Is the common law defence available even where malice or bad faith is pleaded?

  1. [77]
    I accept the defendants’ contention in relation to this first point. It is well supported by the authorities
  2. [78]
    The absolute privilege defence has been recognised to target the “occasion” of the potentially defamatory statement, rather than the statement itself [53]. In Gibbons v Duffell (1932) 47 CLR 520 at 528, Gavan Duffy CJ, Rich and Dixon JJ observed:

“The reason [for the breadth of the absolute privilege defence] is that there are certain relations in life in which it is so important that persons engaged in them should be able to speak freely that the law takes the risk of their abusing the occasion and speaking maliciously as well as untruly, and in order that their duties may be carried on freely and without fear of any action being brought against them, it says, 'We will treat as absolutely privileged any statement made in the performance of those duties.”[54] [Emphasis added]

  1. [79]
    It is therefore not a bar to the availability of the defence of absolute privilege to the defendants that the plaintiff pleads bad faith or malice[55].

Does the defence of absolute privilege extend to the notification process established under the National Law?

  1. [80]
    It then remains for me to determine whether, as the defendants’ submitted, the reporting mechanism that was the occasion of the notification in this case is one to which the absolute privilege defence extends.
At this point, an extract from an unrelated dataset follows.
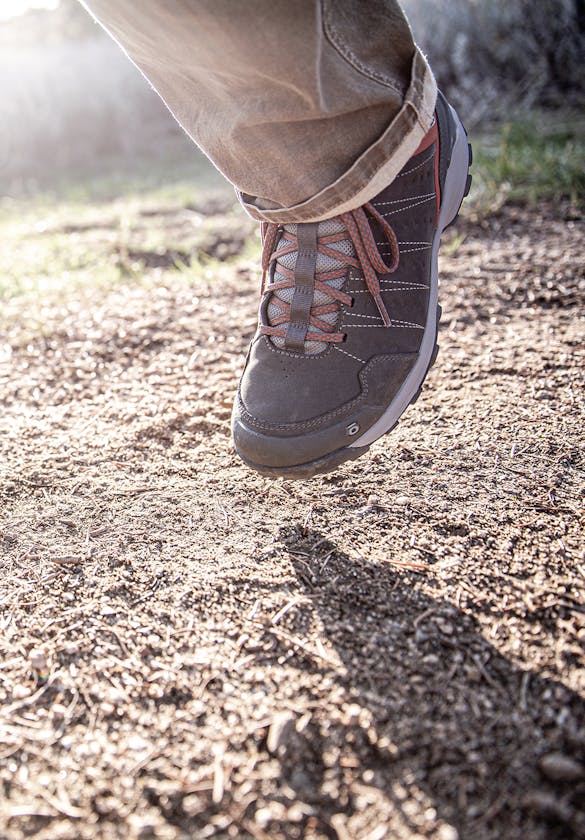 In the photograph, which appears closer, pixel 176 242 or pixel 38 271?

The plaintiff was self-represented at the second hearing date before me. He did not specifically address this legal issue. But the overall effect of his submission is that it is unfair for the defence of absolute privilege to extend to the notification.[56]
  2. [81]
    It is instructive to note at this point that ss 237(1) and (2) of the National Law provide inter alia that a person who makes a notification in good faith is not liable civilly, criminally or under any administrative process for giving the information (the subject of the notification); and s 237(3) provides (without limiting s 237(2)) that no liability for defamation is incurred by the maker of the notification. This would tend to show, in my view, a parliamentary intention that this is the type of proceeding to which absolute privilege would attach.
  3. [82]
    In Gibbons, the High Court identified that the absolute privilege defence emerged at common law out of a recognition that the efficacy of certain proceedings, initially judicial and parliamentary proceedings, required complete protection from the threat of defamation litigation.[57] This defence operates in addition to the statutory defence of absolute privilege.[58]
  4. [83]
    The privilege is described as absolute because it cannot be defeated, even if the published statement was untrue or was published maliciously. As Kenneth Martin J relevantly opined in Norris v Gittos [2011] WASC 295:[59]

“…absolute means exactly that – absolute. There are no exceptions. Even showing malice or bad faith in a defendant will not undermine a properly invoked defence of absolute privilege. That is the law”.

  1. [84]
    In Mann the High Court usefully identified the types of proceedings to which the defence may be extended, as follows:[60]

“It is well settled that absolute privilege attaches to all statements made in the course of judicial proceedings, whether made by parties, witnesses, legal representatives, members of the jury or by the judge. It extends to oral statements and to statements in originating processes, in pleadings, or in other documents produced in evidence or filed in the proceedings. It is said that it extends to any document published on an “occasion properly incidental [to judicial proceedings], and necessary for [them]”.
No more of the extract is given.